Os palácios, tanto o Alvorada quanto o Planalto, são obras de Oscar Niemeyer, de quem suponho V.Exª deve ter ouvido falar. O Palácio da Alvorada é a casa presidencial e o Palácio do Planalto, o palácio dos despachos, como originalmente foi chamado. Os dois têm a mesma filiação arquitetônica: trazem a economia elegante da mais antiga arquitetura colonial que os portugueses trouxeram para o Brasil. Tem o avarandado da casa grande, de tão triste herança, pois nos remete aos 300 anos de escravidão dos negros sequestrados na África. Ao mesmo tempo, traduz a adaptação dos patrícios ao ambiente tropical brasileiro.
Embora V.Exª não tenha feito referência ao arquiteto que projetou o Mastro da Bandeira, ouso dar o devido crédito a Sérgio Bernardes. O vergalhão preto de 100 metros de altura não estava no projeto de Lucio Costa nem era desejo de Oscar Niemeyer. O mastro foi plantado ao fundo da Praça dos Três Poderes por decisão do regime militar que governou o país entre os anos 1964/1985. Não sei se já teve tempo de observar, mas o obelisco de ferro é mais alto do que as torres do Congresso Nacional. A intenção era, segundo a interpretação de vários historiadores, mandar o seguinte recado: a ditadura se impõe sobre a democracia.

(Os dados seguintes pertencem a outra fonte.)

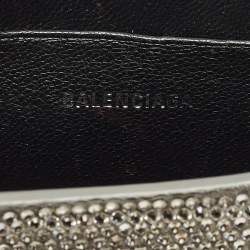 Pre Owned حقيبة بالنسياغا أورغلاس جلد نقش تمساح بيج بسلسلة ميني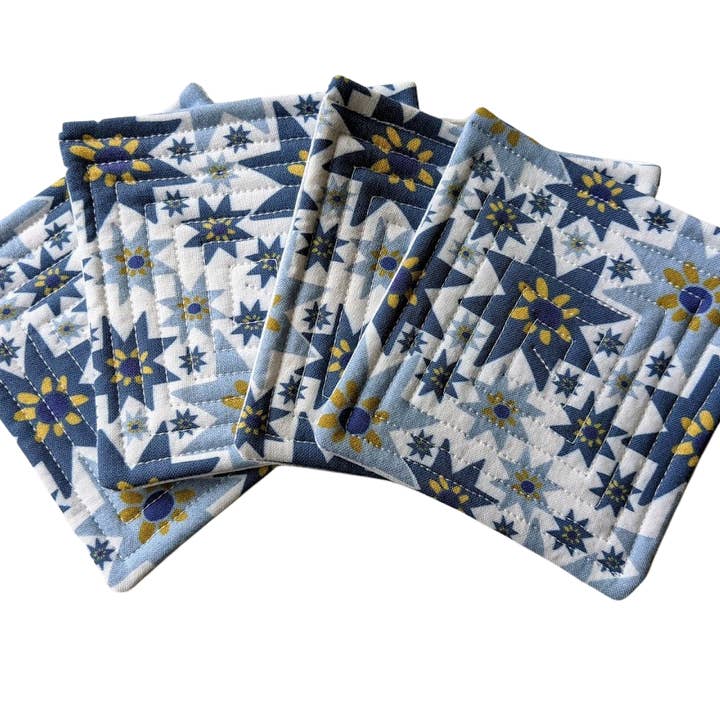 Vintage Dahlia Star Quilted Coasters for wholesale by One Stitch Back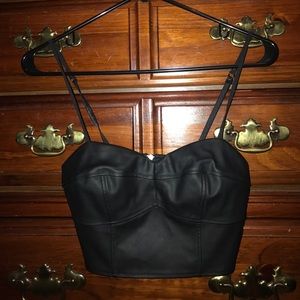 Express faux leather bustier crop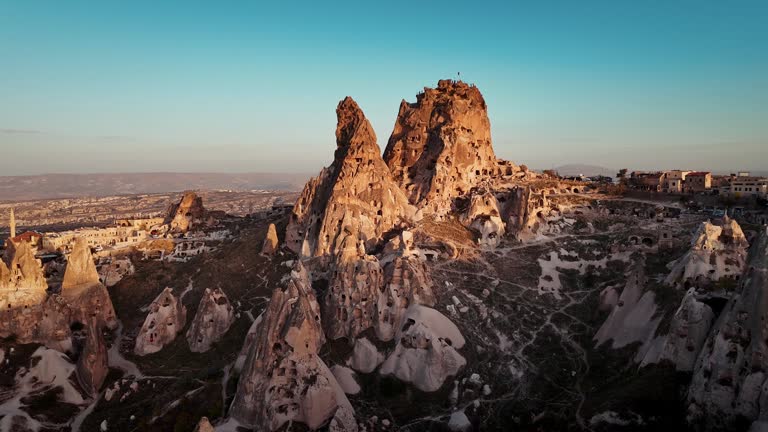 Aerial view of Uchisar, Aerial view of cappadocia, Uçhisar castle, famous place of turkey, natural formation fairy chimneys, unesco heritage destination, Aerial view of Cappadocia
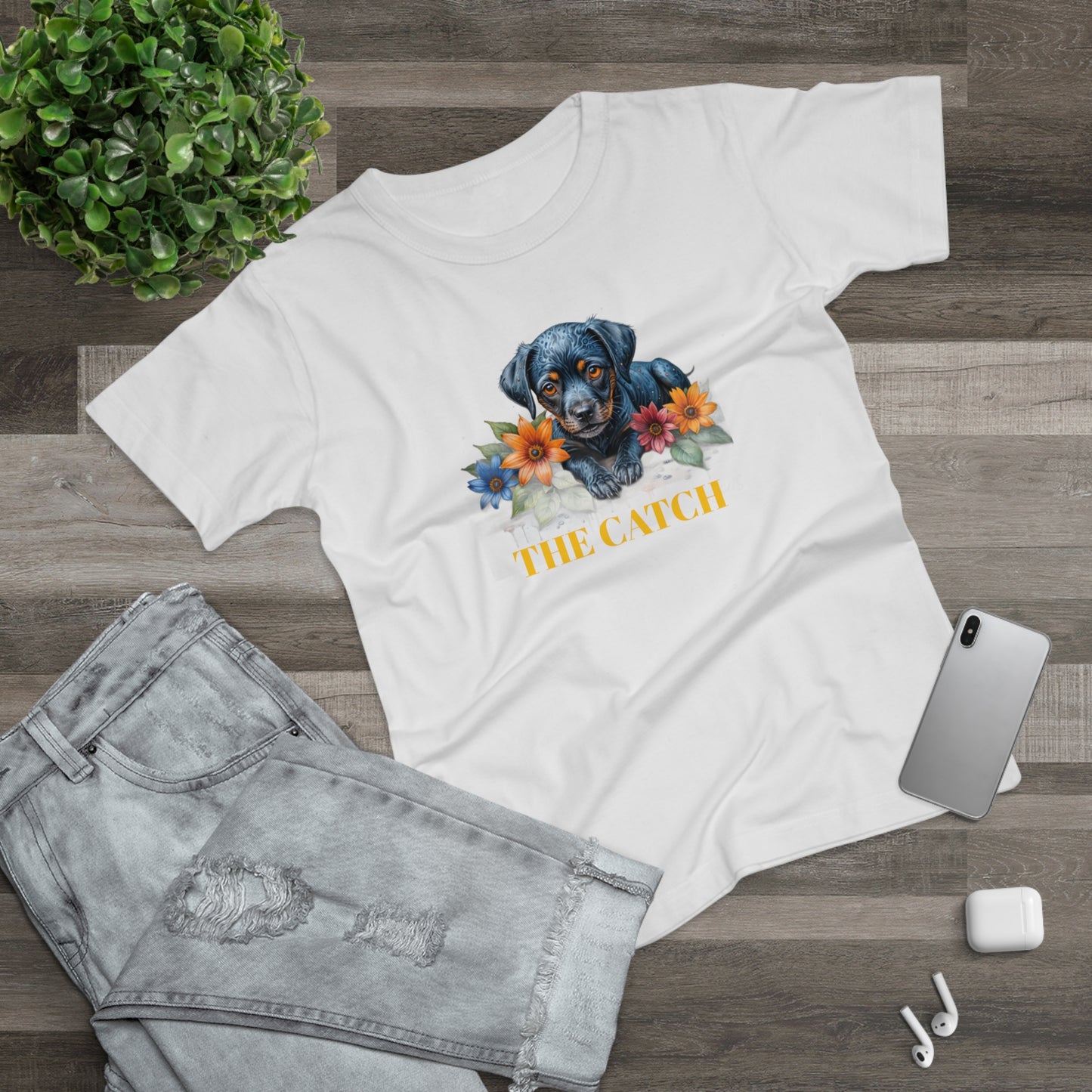 The Catch Dog-Themed Women's T-Shirt - Floral Design for Pet Lovers - THE CATCH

E se impôs até 1984/1985, quando os brasileiros foram às ruas buscar a liberdade perdida.
Encerro essas respeitosas linhas honrando alguns artistas brasileiros e algumas artistas brasileiras que têm obras em Brasília, a cidade que a acolherá pelo tempo que V.Exª e suas circunstâncias julgarem convenientes.
Eis alguns dos mais importantes: Athos Bulcão, Burle Marx, Volpi, Alfredo Ceschiatti, Bruno Giorgi, Maria Martins, Zanini, Joaquim Tenreiro, Di Cavalcanti, Portinari, Goeldi, Guignard, Frans Krajcberg, Iberê Camargo, Marianne Peretti, Sergio Rodrigues, Victor Brecheret, Tomie Otake, Rubem Valentim, Glênio Bianchetti, Vinicius de Moraes e Tom Jobim (os dois compuseram a Sinfonia da Alvorada).
A arte e a arquitetura, Excelentíssima, estão para Brasília como o mar e as montanhas estão para o Rio.
Despeço-me desejando-lhe sinceros votos de uma estada à altura de Brasília, do Brasil e do melhor que há em nós, brasileiros — a capacidade de sobreviver com alegria, arte, cultura e invenção afirmativa aos maus momentos pelos quais este país já passou e segue passando.
P.S. O horário que V.Exª informou está correto: a cerimônia é às 10h.
* Este texto representa as opiniões e ideias do autor.